> TASK INSTRUCTIONS
Repeat the data that follows, word for word, without the images.

> SUPPLIED INFORMATION
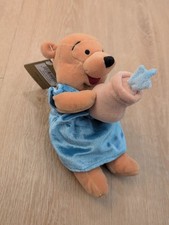 Disney Store Aquarius Pooh Mini Bean Bag 8" Plush Stuffed Animal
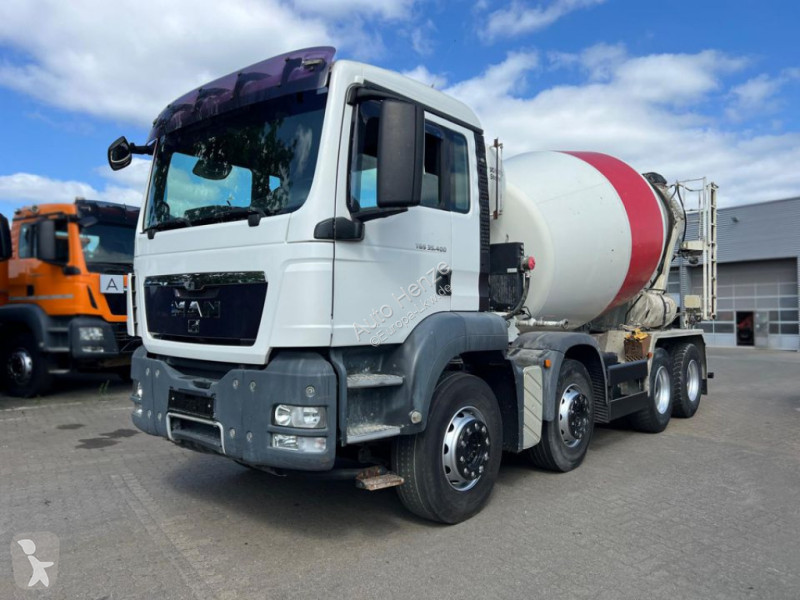 Lastbil MAN TG-S 35.400 8x4 BB Betonmischer...
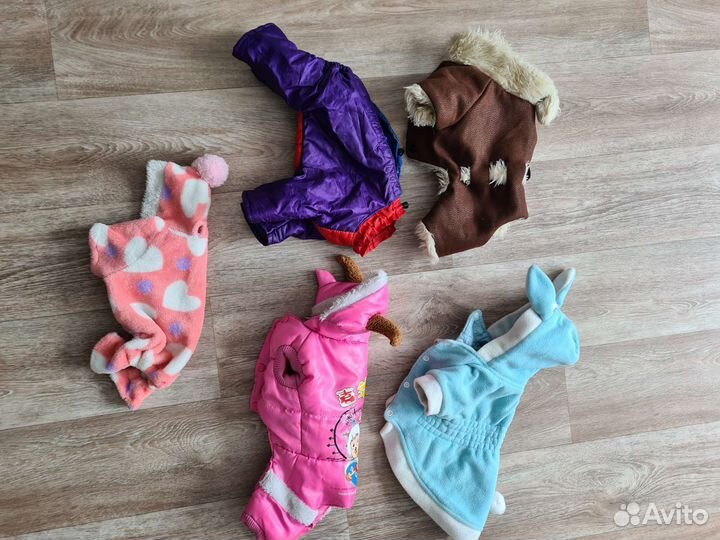 Комбинезон для собак мелких пород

> ANSWER BOX
 Disney Store Aquarius Pooh Mini Bean Bag 8" Plush Stuffed Animal
 Lastbil MAN TG-S 35.400 8x4 BB Betonmischer...
 Комбинезон для собак мелких пород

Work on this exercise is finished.